### Input data
== Segment start ==

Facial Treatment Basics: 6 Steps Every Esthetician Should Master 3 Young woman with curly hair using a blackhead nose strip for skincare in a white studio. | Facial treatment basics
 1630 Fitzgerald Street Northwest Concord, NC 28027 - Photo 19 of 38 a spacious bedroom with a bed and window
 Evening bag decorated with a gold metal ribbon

== Segment end ==

### Task details
Down to the last line, repeat the data exactly.

### Answer for the task
Facial Treatment Basics: 6 Steps Every Esthetician Should Master 3 Young woman with curly hair using a blackhead nose strip for skincare in a white studio. | Facial treatment basics
 1630 Fitzgerald Street Northwest Concord, NC 28027 - Photo 19 of 38 a spacious bedroom with a bed and window
 Evening bag decorated with a gold metal ribbon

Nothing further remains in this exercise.